Vien duro da Marsiglia
Colla sua guida in tasca
Ed in Piazzetta casca
Illustre oltramontan.
Fiuta San Marco, sbircia
La scala dei Giganti,
Compra un paio di guanti,
Si sdraia da Florian.
Carezza un po’ la morbida
Rivista de’ due Mondi,
Guarda il Corso dei fondi,
Paga il cigarro e il the.
Reduce a bordo, parte
Squartando una bistecca.
— Venezia dalla Mecca
Ei non distingue affè.
Dalle Lucciole.
NB. A Bologna ci fu nel maggio 1904 un’Esposizione Turistica e fu inagurata dal re, da un cardinale, da un sindaco radico-repubblicano, da un poeta (O. Guerrini), etc. C’erano tutti. Non rimane che la Crusca a sanzionare la parola, quando arriverà alla lettera T. Se pure non arriverà in questo frattempo qualche letterato di grido a muovere guerra a turismo e turista come già capitò alla parola réclame, la quale, però, guarita del greve colpo,
volve sua spera e beata si gode.
Turistico: V. Turista.
Turlulù: voce viva familiarmente per sciocco, baggeo. Cfr. il francese tourlourou. Turlulù è voce antica, notata in questo senso nei vecchi lessici.
Turlupinare: per raggirare, imbrogliare etc. è voce nuova e comune: dal fr. turlupiner che nel francese moderno vale se moquer, taquiner. Tale verbo deriva da Turlupin, sopranome dell’attore comico francese Leprand, del secolo XVI; onde turlupin = mauvais plaisant. (Chiamavansi altresì Turlupins una specie di eretici dei secoli XIII e XIV, diffusi in Francia, Paesi Bassi, Allemagna, che a modo di cinici sostenevano non doversi aver pudore di checchessia, tutto essendo naturale, cioè fattura di Dio).
Turno: per vicenda, volta, giro, toccare (tocca a me), è il fr. tour. Arzigogolare su la comune origine latina (cfr. tornio) — cosa comune alla più parte delle voci francesi — non toglie che sia gallicismo, ma di quei gallicismi così vivi ed usati che è inutile riprendere. Nel modo proverbiale chacun à son tour (= un po’ per uno non fa male a nessuno), riprende la forma e il suono francese. Certo è però che il popolo umile non dice turno, e un purgato scrittore sfugge tale voce.
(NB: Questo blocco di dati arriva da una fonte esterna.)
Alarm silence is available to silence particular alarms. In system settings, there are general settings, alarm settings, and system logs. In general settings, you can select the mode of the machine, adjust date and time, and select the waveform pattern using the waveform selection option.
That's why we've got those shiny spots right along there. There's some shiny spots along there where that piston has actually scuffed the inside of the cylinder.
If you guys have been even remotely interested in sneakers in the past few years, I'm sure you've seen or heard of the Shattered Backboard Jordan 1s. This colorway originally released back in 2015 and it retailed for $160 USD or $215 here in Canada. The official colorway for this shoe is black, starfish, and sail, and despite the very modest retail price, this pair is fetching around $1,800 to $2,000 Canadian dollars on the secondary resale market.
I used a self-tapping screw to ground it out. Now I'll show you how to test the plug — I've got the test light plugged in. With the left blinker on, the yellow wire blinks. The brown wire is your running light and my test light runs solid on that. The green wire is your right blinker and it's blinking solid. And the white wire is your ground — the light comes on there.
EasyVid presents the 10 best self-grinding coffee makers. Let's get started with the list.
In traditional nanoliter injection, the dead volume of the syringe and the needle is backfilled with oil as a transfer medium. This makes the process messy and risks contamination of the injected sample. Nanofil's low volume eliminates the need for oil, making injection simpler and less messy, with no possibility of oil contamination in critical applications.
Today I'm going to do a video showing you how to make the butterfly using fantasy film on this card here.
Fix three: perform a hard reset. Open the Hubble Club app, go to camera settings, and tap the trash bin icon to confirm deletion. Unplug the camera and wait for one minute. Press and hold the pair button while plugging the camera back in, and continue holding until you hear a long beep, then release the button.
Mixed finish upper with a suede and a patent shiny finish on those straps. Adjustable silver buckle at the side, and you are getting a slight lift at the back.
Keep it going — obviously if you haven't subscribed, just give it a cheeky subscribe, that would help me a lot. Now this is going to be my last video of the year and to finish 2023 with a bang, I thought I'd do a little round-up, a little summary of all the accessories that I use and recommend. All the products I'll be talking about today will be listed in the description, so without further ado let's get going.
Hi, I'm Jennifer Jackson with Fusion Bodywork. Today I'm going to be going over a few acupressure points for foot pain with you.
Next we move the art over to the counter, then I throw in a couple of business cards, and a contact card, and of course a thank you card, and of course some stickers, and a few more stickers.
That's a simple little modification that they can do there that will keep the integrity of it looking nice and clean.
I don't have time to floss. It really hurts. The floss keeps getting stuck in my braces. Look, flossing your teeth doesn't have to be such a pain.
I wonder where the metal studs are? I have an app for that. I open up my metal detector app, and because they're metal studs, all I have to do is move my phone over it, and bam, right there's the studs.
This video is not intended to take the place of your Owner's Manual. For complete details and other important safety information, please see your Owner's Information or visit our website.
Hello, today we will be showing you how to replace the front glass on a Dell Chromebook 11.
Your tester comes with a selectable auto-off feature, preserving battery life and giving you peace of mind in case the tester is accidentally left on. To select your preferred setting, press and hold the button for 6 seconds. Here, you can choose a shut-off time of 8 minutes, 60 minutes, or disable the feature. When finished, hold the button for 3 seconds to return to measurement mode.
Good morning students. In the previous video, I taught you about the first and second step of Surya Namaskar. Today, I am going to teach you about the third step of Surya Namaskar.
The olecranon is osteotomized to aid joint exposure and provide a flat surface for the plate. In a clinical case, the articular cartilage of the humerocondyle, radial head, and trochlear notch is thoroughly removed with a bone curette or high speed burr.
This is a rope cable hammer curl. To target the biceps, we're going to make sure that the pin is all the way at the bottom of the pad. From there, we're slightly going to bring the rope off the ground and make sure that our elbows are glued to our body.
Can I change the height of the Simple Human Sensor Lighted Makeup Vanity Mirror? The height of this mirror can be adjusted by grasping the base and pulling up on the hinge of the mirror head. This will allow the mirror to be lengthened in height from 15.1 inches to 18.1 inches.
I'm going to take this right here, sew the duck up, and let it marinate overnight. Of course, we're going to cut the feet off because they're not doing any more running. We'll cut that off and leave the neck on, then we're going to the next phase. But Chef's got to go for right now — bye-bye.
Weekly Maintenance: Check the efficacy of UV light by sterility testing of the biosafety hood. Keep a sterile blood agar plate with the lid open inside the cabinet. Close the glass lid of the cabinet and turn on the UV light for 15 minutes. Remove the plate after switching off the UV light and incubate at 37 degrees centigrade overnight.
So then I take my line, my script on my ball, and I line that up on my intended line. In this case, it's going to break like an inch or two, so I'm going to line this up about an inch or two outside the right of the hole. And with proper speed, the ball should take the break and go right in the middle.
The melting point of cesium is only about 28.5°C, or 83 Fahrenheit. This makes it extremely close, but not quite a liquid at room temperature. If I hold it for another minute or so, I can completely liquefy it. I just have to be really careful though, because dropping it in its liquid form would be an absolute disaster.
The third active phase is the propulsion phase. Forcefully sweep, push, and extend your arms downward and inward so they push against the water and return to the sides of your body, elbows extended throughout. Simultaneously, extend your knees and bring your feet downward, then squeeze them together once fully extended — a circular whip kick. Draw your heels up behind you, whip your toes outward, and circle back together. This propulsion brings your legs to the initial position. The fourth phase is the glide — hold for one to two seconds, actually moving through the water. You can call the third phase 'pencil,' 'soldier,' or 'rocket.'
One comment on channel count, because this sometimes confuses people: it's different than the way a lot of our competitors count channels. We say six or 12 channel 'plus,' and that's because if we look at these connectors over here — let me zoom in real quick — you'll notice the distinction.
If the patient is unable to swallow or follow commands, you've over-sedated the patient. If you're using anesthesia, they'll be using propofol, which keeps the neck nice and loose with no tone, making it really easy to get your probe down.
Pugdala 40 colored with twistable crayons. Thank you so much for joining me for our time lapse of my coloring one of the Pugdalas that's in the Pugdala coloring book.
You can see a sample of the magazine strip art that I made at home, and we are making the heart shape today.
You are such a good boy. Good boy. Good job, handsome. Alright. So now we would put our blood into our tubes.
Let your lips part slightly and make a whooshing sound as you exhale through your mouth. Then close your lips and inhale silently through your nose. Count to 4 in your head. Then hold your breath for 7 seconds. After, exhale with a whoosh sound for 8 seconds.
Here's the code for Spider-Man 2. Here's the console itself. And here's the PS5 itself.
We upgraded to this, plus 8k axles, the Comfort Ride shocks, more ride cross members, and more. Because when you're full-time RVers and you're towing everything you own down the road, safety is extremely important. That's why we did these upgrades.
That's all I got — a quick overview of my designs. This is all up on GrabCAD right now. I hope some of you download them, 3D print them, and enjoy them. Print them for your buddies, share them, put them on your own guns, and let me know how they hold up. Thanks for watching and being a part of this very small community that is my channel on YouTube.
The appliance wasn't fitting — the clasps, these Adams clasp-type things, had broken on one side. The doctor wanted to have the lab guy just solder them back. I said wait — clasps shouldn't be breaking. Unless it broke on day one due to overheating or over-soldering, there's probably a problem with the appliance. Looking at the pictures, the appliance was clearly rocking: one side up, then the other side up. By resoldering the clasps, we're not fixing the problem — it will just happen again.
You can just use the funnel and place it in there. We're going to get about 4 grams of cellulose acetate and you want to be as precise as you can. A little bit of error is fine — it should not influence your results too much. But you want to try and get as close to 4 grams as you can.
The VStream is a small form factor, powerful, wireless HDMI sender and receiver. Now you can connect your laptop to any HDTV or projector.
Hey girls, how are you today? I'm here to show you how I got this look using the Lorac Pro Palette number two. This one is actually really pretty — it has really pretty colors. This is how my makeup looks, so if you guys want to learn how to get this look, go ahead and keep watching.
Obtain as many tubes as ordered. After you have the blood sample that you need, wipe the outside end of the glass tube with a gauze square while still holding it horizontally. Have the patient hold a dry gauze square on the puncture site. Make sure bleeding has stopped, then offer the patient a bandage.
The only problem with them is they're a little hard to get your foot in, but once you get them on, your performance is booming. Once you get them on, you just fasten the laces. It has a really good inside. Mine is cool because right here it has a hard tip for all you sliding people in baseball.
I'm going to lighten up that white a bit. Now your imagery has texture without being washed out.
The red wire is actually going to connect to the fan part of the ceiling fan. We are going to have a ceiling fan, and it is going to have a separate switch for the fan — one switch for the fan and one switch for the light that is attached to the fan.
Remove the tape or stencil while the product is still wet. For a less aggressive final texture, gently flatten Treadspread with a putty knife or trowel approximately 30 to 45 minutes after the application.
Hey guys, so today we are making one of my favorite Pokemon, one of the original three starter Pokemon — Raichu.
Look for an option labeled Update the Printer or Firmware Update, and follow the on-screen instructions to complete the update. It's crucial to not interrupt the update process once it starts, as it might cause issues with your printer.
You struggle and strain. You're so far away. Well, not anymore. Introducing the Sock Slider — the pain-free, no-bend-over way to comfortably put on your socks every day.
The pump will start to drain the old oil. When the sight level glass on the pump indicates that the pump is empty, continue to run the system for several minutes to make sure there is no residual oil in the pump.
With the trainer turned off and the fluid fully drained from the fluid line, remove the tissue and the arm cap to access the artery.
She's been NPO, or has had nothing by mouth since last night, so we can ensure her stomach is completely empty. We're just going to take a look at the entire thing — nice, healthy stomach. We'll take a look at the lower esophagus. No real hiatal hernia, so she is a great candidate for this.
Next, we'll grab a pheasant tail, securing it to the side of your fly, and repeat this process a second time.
Turtle soup: voce inglese che vuol dire zuppa di tartaruga benchè la tartaruga non c’entri. Questa minestra nazionale degli inglesi è di gran dispendio, di straordinaria complicazione e varia cottura: è una specie di minestra di carne, assai greve con infinità di droghe e sapori.
Tutoyer: da tu e toi: dare, darsi del tu. Questo verbo francese l’ho letto tradotto in tuteggiare (!).
Tutti (il Signor): il publico, il giudizio del publico: locuzione familiare in cui è determinato come individuo l’anonima tirannia della opinione publica.
Tutti i nodi vengono al pettine: V. I nodi, etc.
Tutti i salmi finiscono in gloria: vale a dire: la conclusione è sempre quella, e si dice per lo più con senso faceto od ironico. (È noto che i Salmi dell’Uffizio finiscono sempre con la parola gloria).
Tutti per uno, uno per tutti: motto catechistico del partito socialista, includente il concetto imperativo della solidarietà.
Tzar: V. Czar.
Tze-tze: V. Tse-tse.
Tzigany: in russo, in inglese è il suono della parola nostra zingaro. Nelle stampe ricorre talora questa parola tzigany per indicare la musica degli zingari, la quale è assai caratteristica per le sincopi e i cambiamenti di misura e di movimento.
Tyre: nei pneumatici o gomme delle biciclette di provenienza inglese, leggesi la parola tyre: vuol dire cerchione, NB. Degno di considerazione è l’uso di mettere ai manufatti italiani nome e scritta inglese o francese. Spesso Londra e Parigi (London, Paris) nascondono nomi di borghi e città italiane.